§ **Task brief**:
Your output must be the lines below from the line containing "Hey guys, this" to the line containing "Solo Stove just", both lines included, reproduced exactly and without pictures.

§ **Provided data**:
• • • • • • •

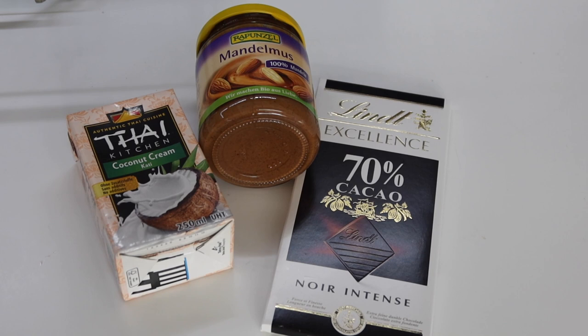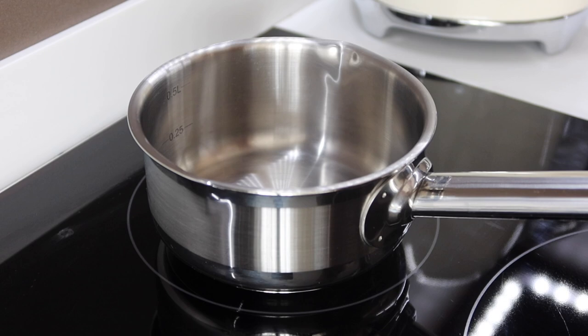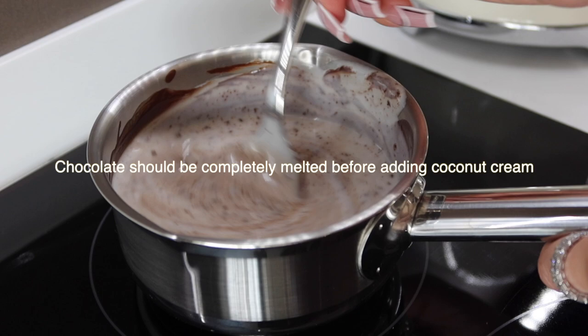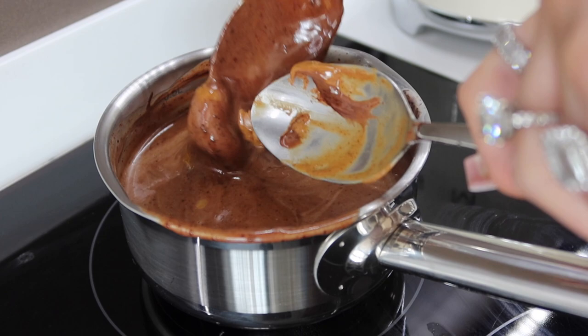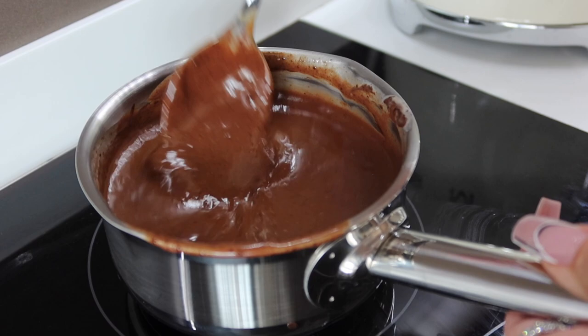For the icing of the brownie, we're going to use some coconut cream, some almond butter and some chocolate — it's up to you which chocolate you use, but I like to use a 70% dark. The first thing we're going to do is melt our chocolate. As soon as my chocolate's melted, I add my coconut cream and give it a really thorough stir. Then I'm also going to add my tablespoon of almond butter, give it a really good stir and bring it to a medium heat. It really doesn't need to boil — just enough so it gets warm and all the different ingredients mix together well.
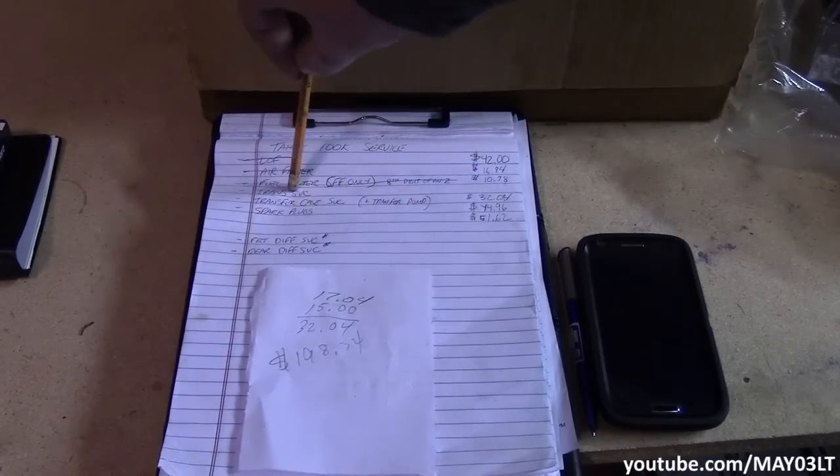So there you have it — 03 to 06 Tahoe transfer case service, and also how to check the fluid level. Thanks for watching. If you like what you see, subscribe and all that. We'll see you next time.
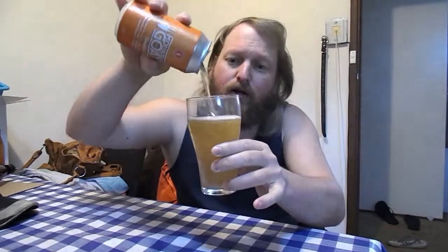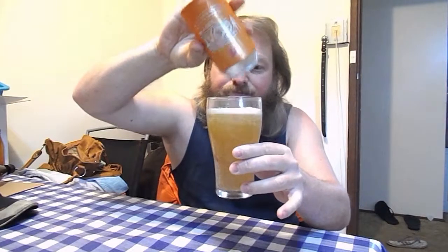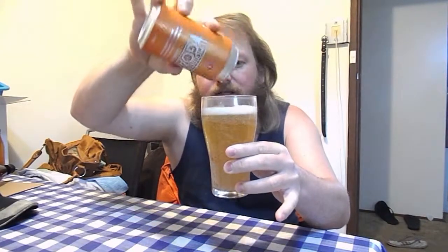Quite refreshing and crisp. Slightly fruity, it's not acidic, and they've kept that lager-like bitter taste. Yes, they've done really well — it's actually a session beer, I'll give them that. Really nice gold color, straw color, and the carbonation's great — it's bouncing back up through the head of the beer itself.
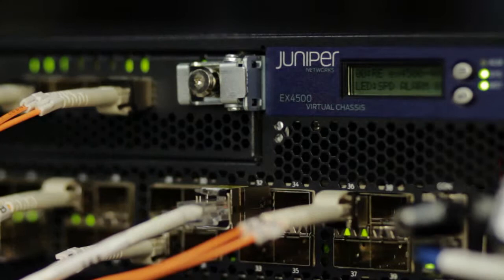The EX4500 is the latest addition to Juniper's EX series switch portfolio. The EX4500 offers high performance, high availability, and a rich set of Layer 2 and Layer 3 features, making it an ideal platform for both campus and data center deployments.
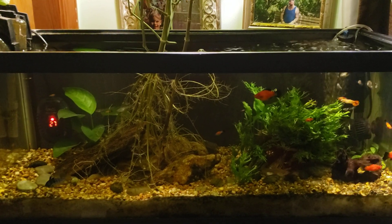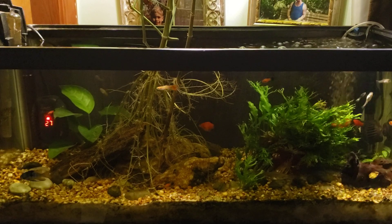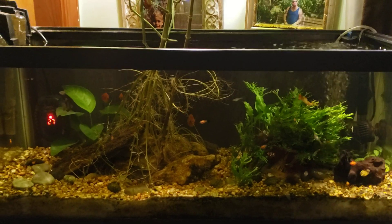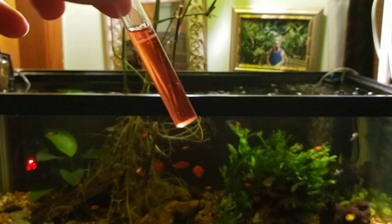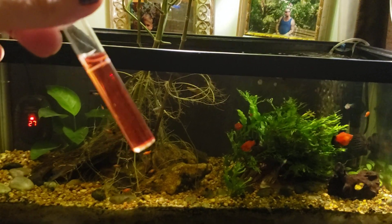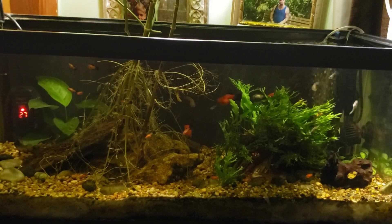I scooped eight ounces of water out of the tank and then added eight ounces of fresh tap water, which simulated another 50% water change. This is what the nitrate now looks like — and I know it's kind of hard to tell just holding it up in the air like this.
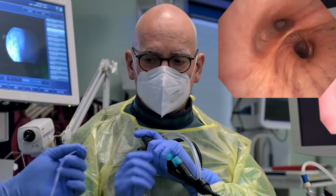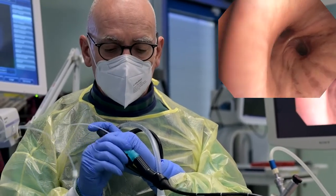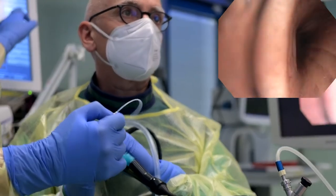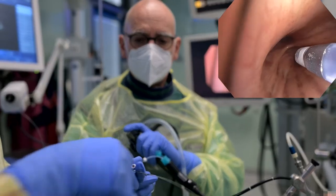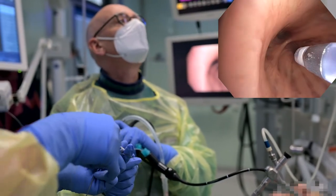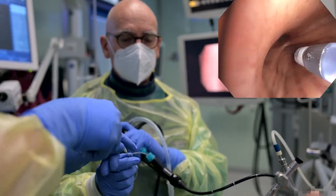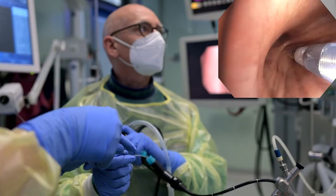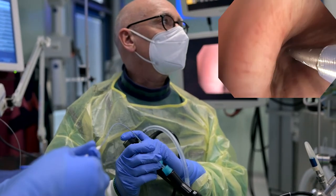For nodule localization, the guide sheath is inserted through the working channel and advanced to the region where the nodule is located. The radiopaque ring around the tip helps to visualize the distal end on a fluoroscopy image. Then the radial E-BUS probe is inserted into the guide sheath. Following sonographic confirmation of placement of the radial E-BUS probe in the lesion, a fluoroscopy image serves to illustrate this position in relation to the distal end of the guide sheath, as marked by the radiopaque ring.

• • • • • • •

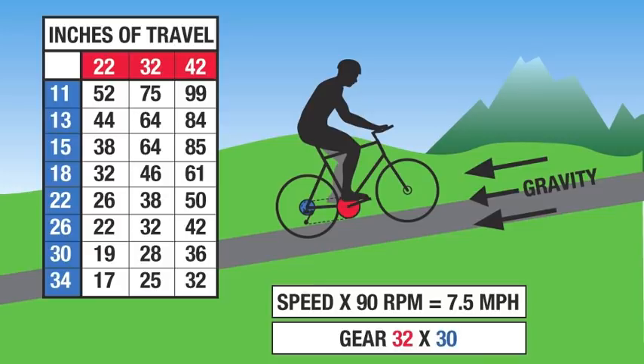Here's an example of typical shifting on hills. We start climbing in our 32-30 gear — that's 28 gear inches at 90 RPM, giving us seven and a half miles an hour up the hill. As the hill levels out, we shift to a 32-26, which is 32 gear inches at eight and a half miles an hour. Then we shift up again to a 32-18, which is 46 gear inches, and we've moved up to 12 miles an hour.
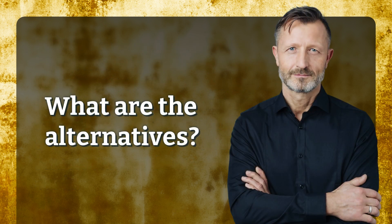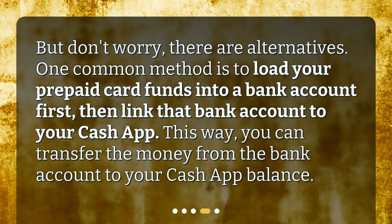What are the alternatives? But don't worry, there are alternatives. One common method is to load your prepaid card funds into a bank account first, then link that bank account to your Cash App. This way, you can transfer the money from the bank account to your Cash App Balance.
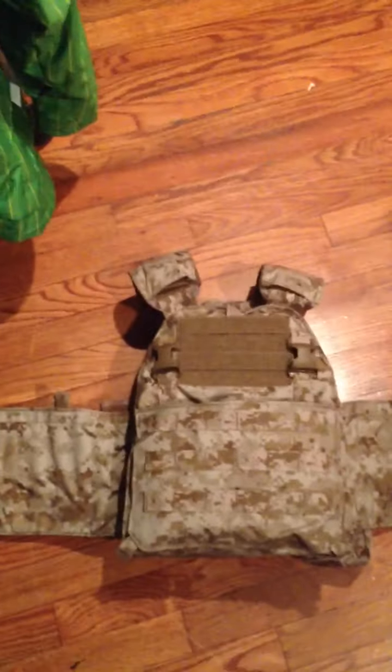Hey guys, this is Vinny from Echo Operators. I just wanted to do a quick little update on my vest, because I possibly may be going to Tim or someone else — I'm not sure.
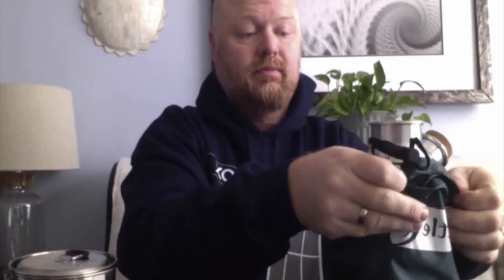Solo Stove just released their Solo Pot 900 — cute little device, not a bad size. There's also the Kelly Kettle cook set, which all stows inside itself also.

• • • • • • •

§ **Result of this exercise**:
Hey guys, this is Vinny from Echo Operators. I just wanted to do a quick little update on my vest, because I possibly may be going to Tim or someone else — I'm not sure.
Solo Stove just released their Solo Pot 900 — cute little device, not a bad size. There's also the Kelly Kettle cook set, which all stows inside itself also.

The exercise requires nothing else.